- _DATA SEGMENT_

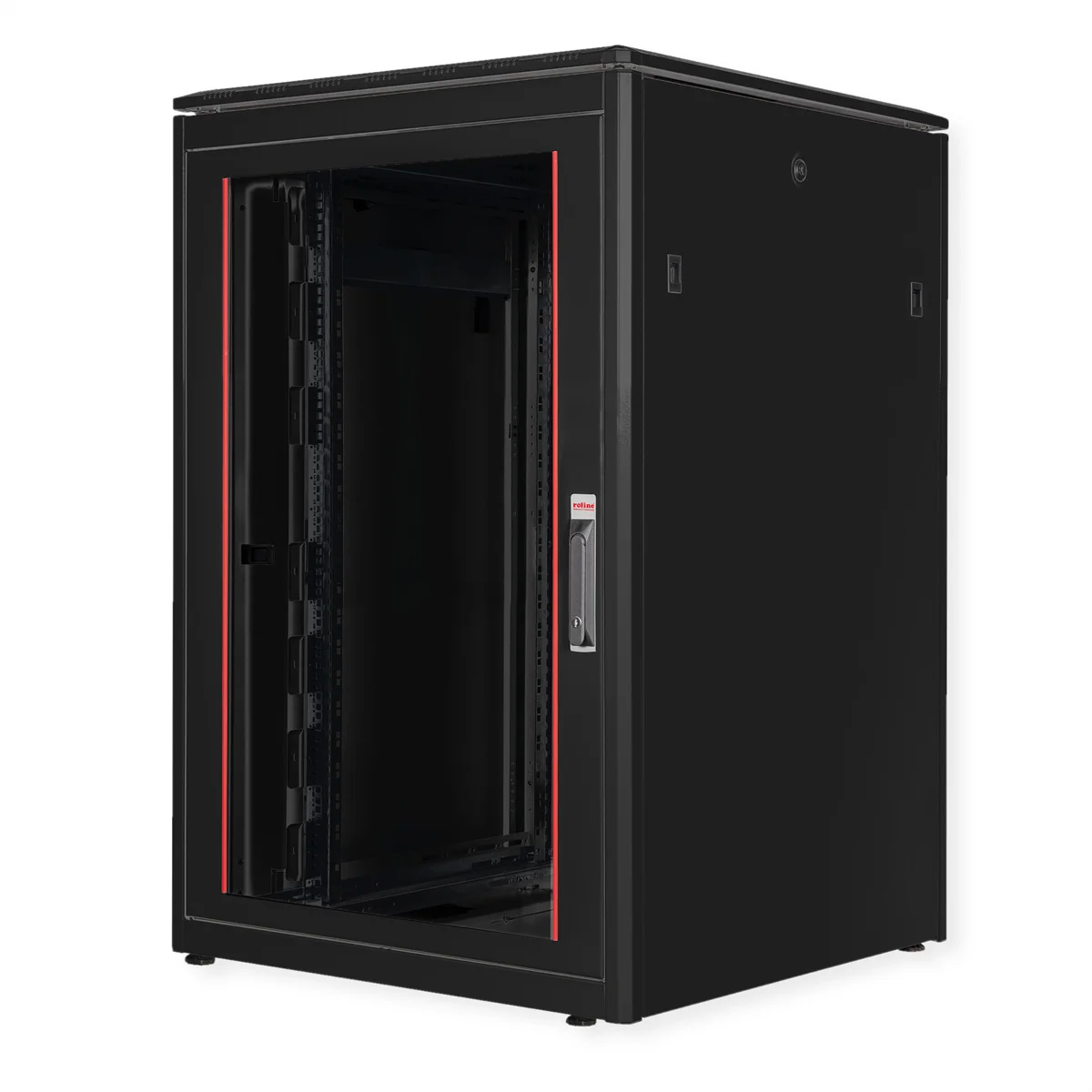 ROLINE 19-Zoll Netzwerkschrank Pro 22 HE, 800x800 BxT Glastür schwarz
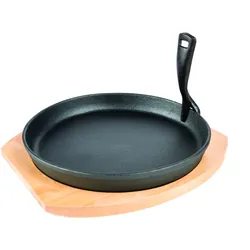 Grill Guru Gusseisen Pfanne mit Holzbrett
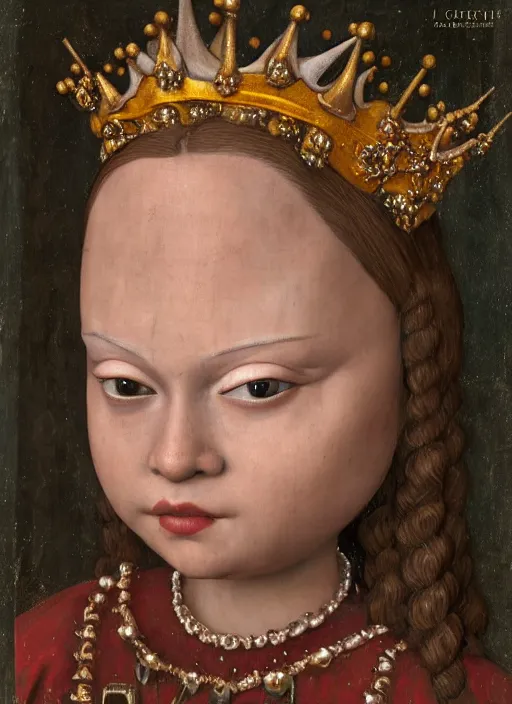 Image similar to closeup medieval jan van eyck face portrait of tin toy greta thunberg medieval goblin as a fairytale princess wearing a crown eating cakes in the castle, bikini, detailed and intricate environment, nicoletta ceccoli, mark ryden, lostfish, hyperrealistic, octane render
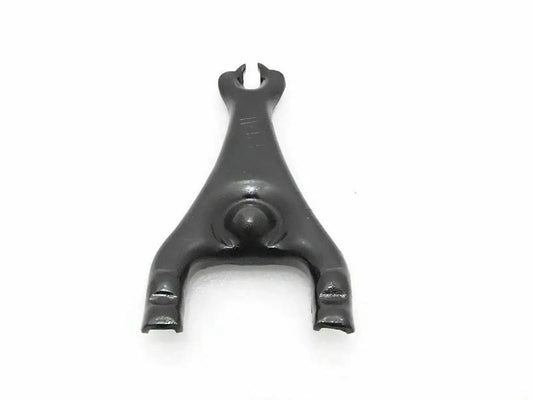 Metal clutch control fork unit with pivot ball, dark finish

- _ACTION ITEM_
Pictures excluded, output exactly the line that contains "Grill Guru Gusseisen Pfanne mit Holzbrett" and every line after it to the end of the data above.

- _RESPONSE BOX_
 Grill Guru Gusseisen Pfanne mit Holzbrett
 Image similar to closeup medieval jan van eyck face portrait of tin toy greta thunberg medieval goblin as a fairytale princess wearing a crown eating cakes in the castle, bikini, detailed and intricate environment, nicoletta ceccoli, mark ryden, lostfish, hyperrealistic, octane render
 Metal clutch control fork unit with pivot ball, dark finish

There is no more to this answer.